In the debate over sending troops into Libya, even simply to protect humanitarian operations, skeptics constantly warn of a Black Hawk Down moment, invoking this film’s title as short hand for the disastrous  1993 Battle of Mogadishu to highlight the risks attached  to even a humanitarian mission in a distant land gripped by a civil war poorly understood by outsiders. In August of 1992, with Somalia in the grip of a deadly civil war, President George H.W. Bush ordered U.S. troops in to secure a humanitarian mission. But protecting humanitarian aid required confronting local warlords, and the mission began to morph into combat operation.
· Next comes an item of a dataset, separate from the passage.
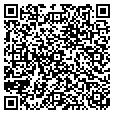 QR code with Choices contacts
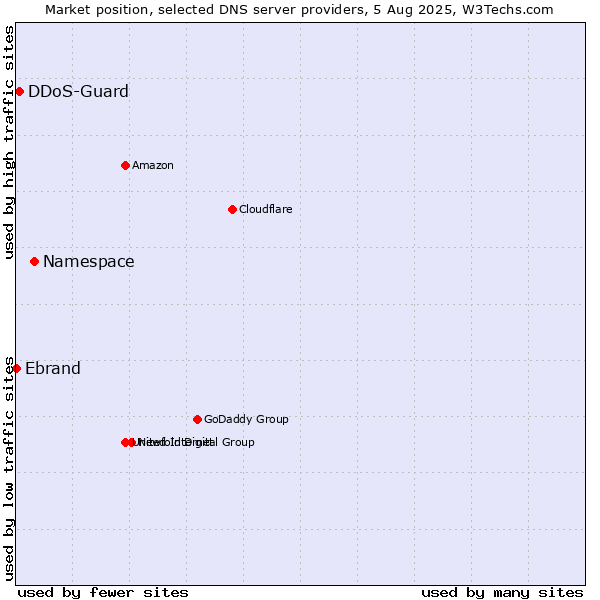 Market position of Namespace vs. DDoS-Guard vs. Ebrand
In October 1993, a raid aimed at seizing the warlord Mohamed Farrah Aidid went horribly wrong, beginning with the downing of a Black Hawk helicopter by an RPG round fired from the ground. Over the next 24 hours, 19 Americans and more than 1,000 Somalis were killed in a nightmare of urban combat. Ridley Scott’s vivid visualization of Mark Bowden’s excellent book of the same title — which painstakingly reconstructs a catastrophic military mission — is both a stunning action film and the consummate tale of a military road to hell paved with the best intentions.  Sure, Scott doesn’t bother to investigate why the other side is fighting, but he could argue in his defense that the U.S. mission in Somalia made the same mistake. –T.K.



U.S. President Barack Obama and his Mexican counterpart, Felipe Calderon, met March 3 in Washington to review their two countries’ ongoing struggle over the bloody drug war convulsing the border. It has claimed thousands of lives since Calderon stepped into office in 2006, including that of an American ICE agent killed last month near Mexico City. Tim Padgett spotlighted the many tensions simmering away ahead of the meeting, with both sides finding cause to grumble about the other’s failings. Steven Soderbergh’s critically-acclaimed Traffic (2000) delved into the complex, intertwined world of the cartels and the government agencies tasked to bring them down. It belabors the point, perhaps, that the crisis wouldn’t exist were it not for the huge demand for drugs in the U.S. — the daughter of Washington’s drug czar is a rich, suburban junkie? How ironic — but does an excellent job showing how no one comes clean in this desperate high-stakes realm of guns, drugs, and death. –I.T.


The Passion of the Christ

Pope Benedict XVI’s rejection of Jewish responsibility for the death of Jesus in an upcoming book has attracted attention and praise. Its the first time a figure of his ecclesiastical weight has directly intervened on the subject, one which has caused centuries of grief for European Jewry. To get a sense of how enduring that stigma is, one need only turn to Mel Gibson’s recent The Passion of the Christ, where mobs of Jews baying for Jesus’ blood hound him down a gruesome path to his crucifixion. As the New Republic‘s Leon Wiseltier wrote at the time: “anybody who says [the film isn’t anti-Semitic] knows nothing, or chooses to know nothing, about the visual history of anti-Semitism, in art and in film. What is so shocking about Gibson’s Jews is how unreconstructed they are in their stereotypical appearances and actions. These are not merely anti-Semitic images; these are classically anti-Semitic images.”—I.T.